I know all about "Tomorrow Syndrome." It's a dangerous son of a bitch. I really love the new Eminem album, including that song.

I know you'll figure things out with Match. Don't be too hard on yourself if it's confusing for a while. This is kind of a normal thing. You'll work it out... There is no absolute "right" answer.

I Hate to Weight said...

this is really similar to my experience with my ex. he IS my best friend and knows me best, but the chemistry is gone, and he can't be my boyfriend. it's really, really hard because i love him SO much and need him, but he wants something else and....it's SO hard.

re: food and exercise and rihanna and eminem. are you saying you feel like you're relapsing? i am awful at taking care of myself, so i'm the worst to make suggestions BUT i really believe we know best what's going and what's best. we may not choose to do what we know is best, but we know.

take really good care. it's a confusing time.

Angela said...

I'm sorry that you are stuggling with both the break up, and more importantly with the eating disorder. Are you sure that you aren't pushing Match away because you know he is support for the eating disorder, and the ED doesn't want support? Why do you think that he will find you more attractive at a lower weight?

That song spoke to me also when I heard it.

I'm suffering from "tomorrow syndrome" also right now. I hope that we can both get our heads back into recovery. Sending good thoughts your way. Take care:)

Sarah at Journeying With Him said...

I agree with Kim--don't be hard on yourself if it's confusing right now. If he is patient enough to wait while you figure it out, then let him. I also wonder if your recovery lapse is making you more apathetic/anxious than usual. In the worst of my ED and even when I struggled with recovery I pushed D away because I didn't want to be loved. I wonder if you are (even subconsciously) dong this, yet at the same time it is important to listen to instinct. I guess what I'm trying to say is that it's okay to be ambiguous about relationships, even if they ARE the "right" relationship. I'm sorry it's so confusing! In the meantime, take care of yourself so you can think clearly!

Lisa said...

Don't beat yourself up. We are all human and can't be perfect. Relationship issues are tricky in any situation...especially when freaking ED has snuck his way into it as well...

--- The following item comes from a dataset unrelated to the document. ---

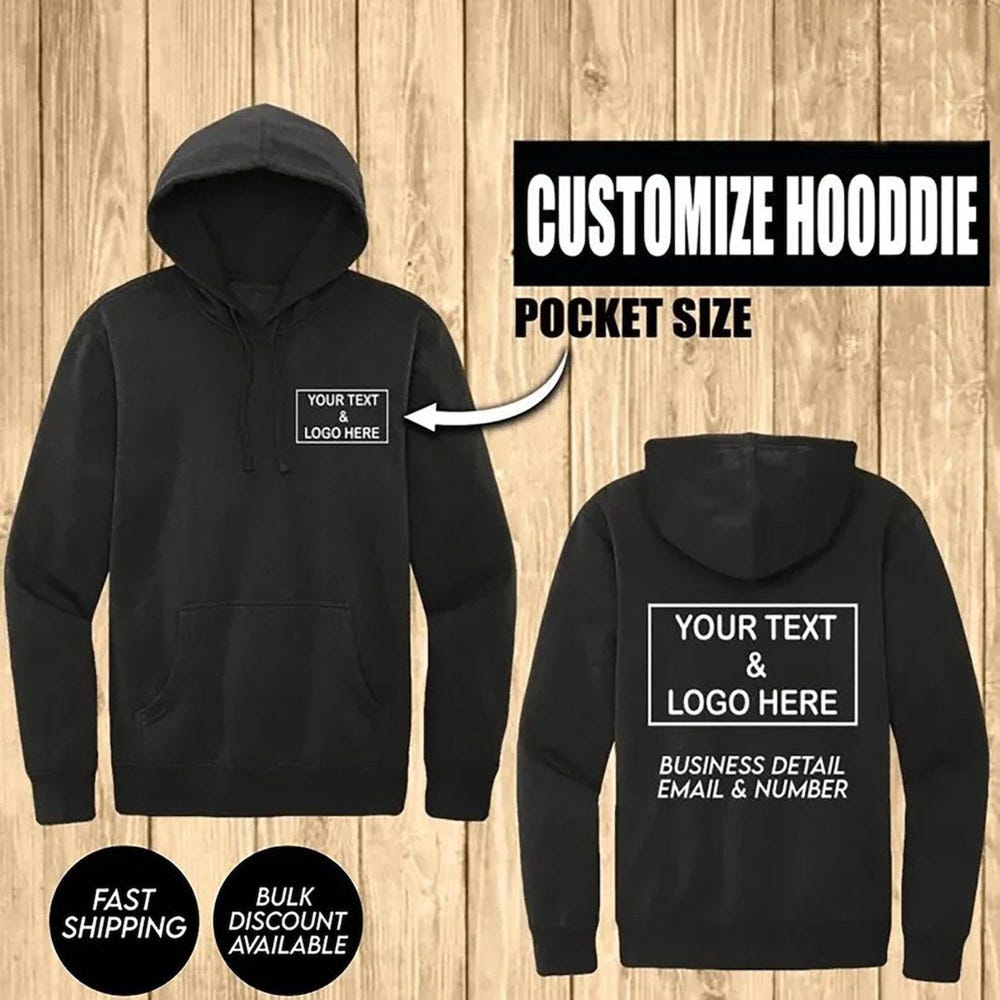 Business Logo Custom Men'S Hoodie, Design Your Hoodie Words On Back, Custom Hoodies With Logo, Personalized Hoodie, Custom Text Hoodie Gift Outfitessentials Teerealmstore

you will figure it out and things will get better. be careful.

I suffer from the tomorrow syndrome weekend bc my treatment program is during the week...sigh. so, know you're not alone. we can do this.

stay strong! <3

Protein Girl said...

Hey Sweetie!
Do what's right for you! It seems that maybe it's your fear talking? Are you afraid that someone (Match) knows you SO well- and accepts you as you are, that it freaks you out. Maybe ED hates that and is making you want to run? ED makes you believe it's only you and ED. The second you have a chance at a happy life: self acceptance and a life without him (ED), this fear of losing ED wells up and ED fights that much harder to win you back.

On the other hand- you're still young and only you can truly know if it's time to end it. I was in a similar situation MANY times, and I have also looked back with regret many times. I knew that it was my fear- the "what if", fear of rejection/acceptance, of losing control- that truly led me to make the decisions I made, regardless of if the decisions were ultimately right for me, or not.

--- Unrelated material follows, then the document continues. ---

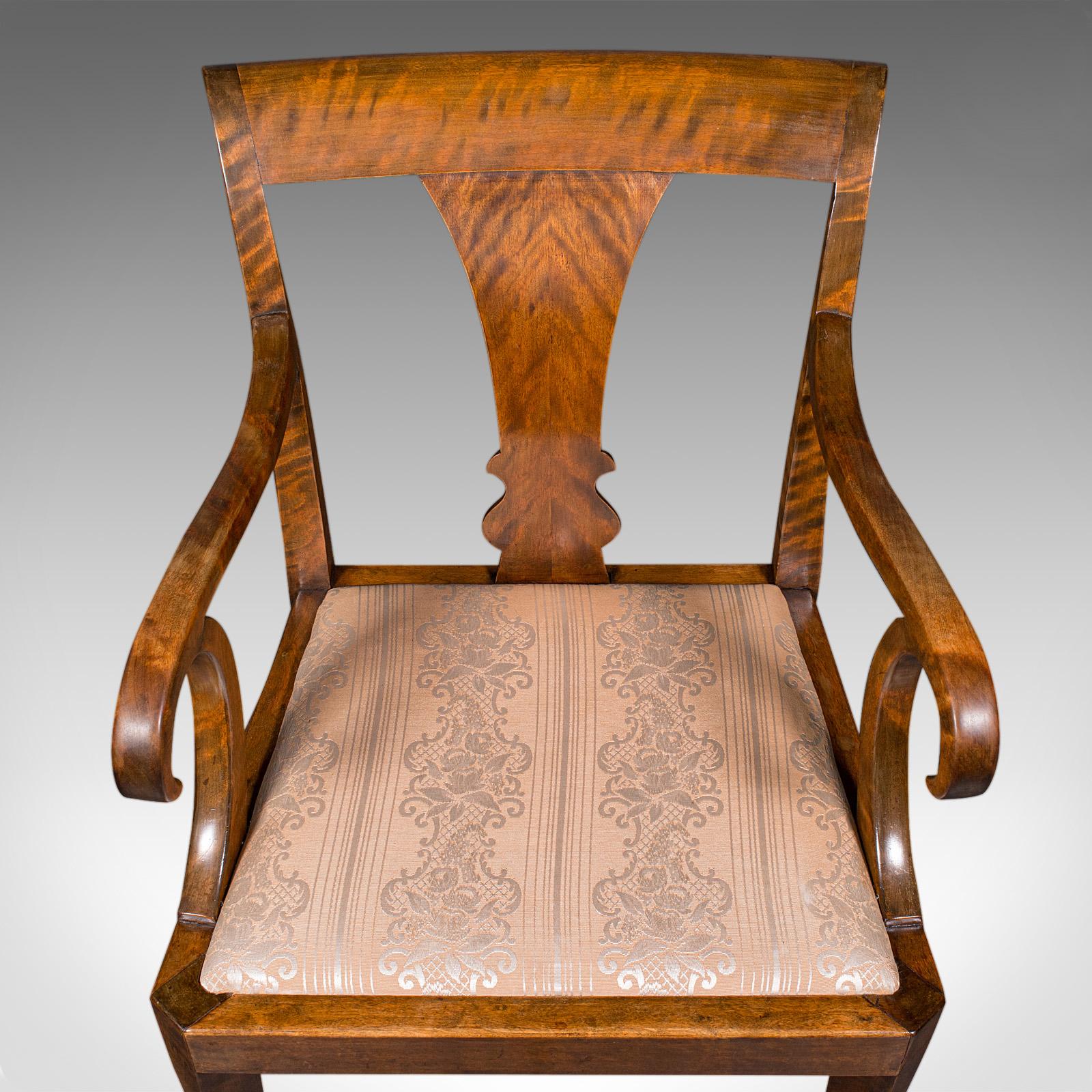Textile Vintage Elbow Chair, Continental, Satinwood, Seat, Biedermeier Taste, Art Deco For Sale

If ED feels threatened, and if something scares you and makes you have to face yourself- it can be good for you. If it's truly time to move on.... well, have a fun last hoorah!!!
I support you no matter what!
XOXO
Barbara

ps- after reading this, I also would like to add that maybe it's time to truly end it with ED!!! Sorry for the HORRIBLE sentence structure. 2 hours of sleep, and apparently I've regressed to grade 4!

Anonymous said...

If he's an educated man, how could he possibly find an emaciated body more attractive than a slim healthy one??